President Joe Biden on Tuesday said Washington’s “strategic ambiguity” policy for Taiwan remains in place, a day after his comment about readiness to defend the island against a Chinese invasion suggested a change.
“No,” Biden told reporters in Tokyo when asked if the policy was now dead. “The policy has not changed at all. I stated that when I made my statement yesterday.”
Biden’s latest declaration followed similar insistence from top US officials that a decades-old approach to Taiwan remains in place.
This includes arming the democratic island for its own defense, while acknowledging China’s legal sovereignty and expressing “strategic ambiguity” on whether American troops would ever intervene.

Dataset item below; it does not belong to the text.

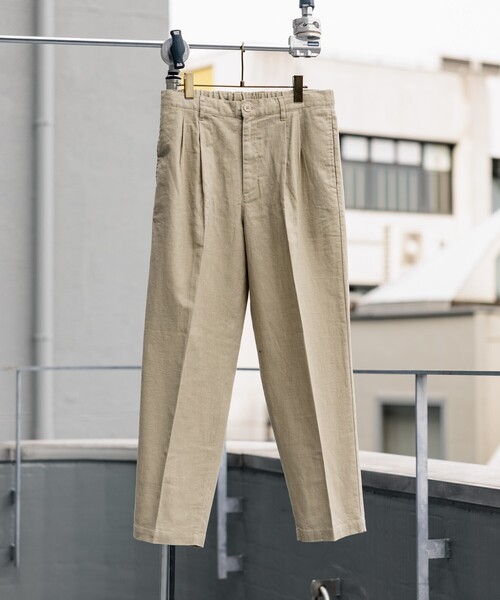 FREAK'S STORE（フリークスストア） スラックス LINEN COTTON EASY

The reassurances follow the president’s answer to a question at a press conference in Tokyo on Monday where he said “yes,” when asked if Washington would be willing to get involved militarily in Taiwan’s defense.
Taiwan, which is self-ruled and has a thriving trade relationship with the United States, welcomed Biden’s apparent expansion of the US commitment, while China reacted angrily, saying Washington was “playing with fire.”
Biden is visiting Tokyo for meetings with leaders from the Quad group, which also includes Australia, India and Japan.
He earlier went to South Korea as part of a trip reinforcing key US trade and military alliances in Asia.